Half of Katrina’s parasympathetic system was dedicated to seduction, while the other half was planning the sexual act. She must make sure that she was on top. Not that she had a position preference, but it was just that the last time she had sex in the walk-in cooler, her back was on the freezing floor and the old folded-up seafood taco bowl cardboard box didn’t help much. That wasn’t even the worst part. The sex got pretty hot and heavy and the thrusting resulted in a can of meat filler falling off the shelf and landing directly on her face. She could vividly remember watching the can fall and rotate in slow motion like an Olympic diver performing a half gainer. Sometimes in the winter, which is like always in the Toledo suburbs, if she laid down in her cool bed at night, she would flash back to the can, nearly breaking her nose. There was blood all over the walk-in cooler, but the sex was good. The rumor would later be that she lost her virginity in the cooler, which didn’t bother Katrina, it was much better than the real story that she was molested by her uncle.

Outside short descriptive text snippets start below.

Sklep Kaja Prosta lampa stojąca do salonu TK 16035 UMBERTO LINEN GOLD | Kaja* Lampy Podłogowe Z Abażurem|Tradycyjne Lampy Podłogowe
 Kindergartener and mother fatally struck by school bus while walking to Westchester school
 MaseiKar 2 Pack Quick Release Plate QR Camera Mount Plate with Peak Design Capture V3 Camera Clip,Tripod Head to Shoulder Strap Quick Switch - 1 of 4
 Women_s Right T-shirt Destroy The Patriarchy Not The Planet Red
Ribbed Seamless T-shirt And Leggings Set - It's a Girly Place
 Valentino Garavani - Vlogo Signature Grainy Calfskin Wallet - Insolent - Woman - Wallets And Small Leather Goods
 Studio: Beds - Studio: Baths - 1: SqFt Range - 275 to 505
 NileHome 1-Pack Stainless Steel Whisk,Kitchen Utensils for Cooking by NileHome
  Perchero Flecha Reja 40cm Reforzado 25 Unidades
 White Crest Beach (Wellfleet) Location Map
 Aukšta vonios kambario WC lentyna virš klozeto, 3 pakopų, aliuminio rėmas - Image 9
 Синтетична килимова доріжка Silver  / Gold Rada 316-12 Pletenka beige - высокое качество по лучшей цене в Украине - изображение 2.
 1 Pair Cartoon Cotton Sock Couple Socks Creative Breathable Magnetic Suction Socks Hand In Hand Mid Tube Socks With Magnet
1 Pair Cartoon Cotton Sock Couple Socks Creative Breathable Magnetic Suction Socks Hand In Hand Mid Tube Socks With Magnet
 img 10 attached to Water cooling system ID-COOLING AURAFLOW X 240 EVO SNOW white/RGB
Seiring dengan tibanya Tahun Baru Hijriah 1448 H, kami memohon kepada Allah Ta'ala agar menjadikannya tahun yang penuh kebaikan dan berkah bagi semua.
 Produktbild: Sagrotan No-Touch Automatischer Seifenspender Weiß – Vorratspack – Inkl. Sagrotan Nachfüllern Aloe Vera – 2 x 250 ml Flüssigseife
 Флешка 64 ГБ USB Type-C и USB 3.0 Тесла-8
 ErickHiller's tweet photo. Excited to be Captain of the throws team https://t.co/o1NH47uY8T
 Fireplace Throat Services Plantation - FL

She had to be more assertive this time, she really didn’t want to run the risk of getting frostbite again.
Jeff had cooled off and was back to working. Calling it work was a bit of a stretch. Compared to real work, this wasn’t work. Even compared to other fast food work, this wasn’t work. Gene was right, the KFC-Taco Bell employees were lucky to get paid, they did barely anything. Preparing a meal for a customer was nothing more than throwing fried meat in a bucket. The workers on the Taco Bell assembly line did not deserve much more recognition because they were just slopping meat and the occasional vegetable into a tortilla. They were far from the sandwich artists at Subway.
Katrina snuck away from the front counter and slid next to Jeff, leaning her shoulder into his arm. “Hey Jeff.” Katrina said suggestively.
“Sup,” Jeff responded, barely acknowledging her existence. He was focused on the task at hand, which was mentally taxing for the KFC-Taco Bell employees — putting fried meat into a bucket. Despite not paying much attention to Katrina, he knew what her next question would be and he was ready to respond in an angry impatient tone.
“What are you doing?” Katrina asked.
“Putting meat in a bucket! God I hate this job.” Jeff paused for a moment as if he realized something, “I quit.”
Jeff wrestled with his KFC-Taco Bell shirt. The plan was to rip it off and storm out, but halfway through, he realized that the shirt was too tight and it wasn’t tearing off, so he switched to the less dramatic plan, but still effective measure of pulling it off over his head and throwing it down, but now the shirt was tangled, and it was tighter than before, almost like a Chinese finger trap.
As Jeff stormed out with the shirt knotted around his neck and one arm stuck uptight caught in the sleeve, Gene reminded him that he would have to pay for the shirt, if it was not returned. Then suddenly a silence swept over the combination KFC-Taco Bell, as if the quickly prepared fried chicken and taco universe had come screeching to a halt. Todd turned to Gene and said, “I’ll flip the tape.”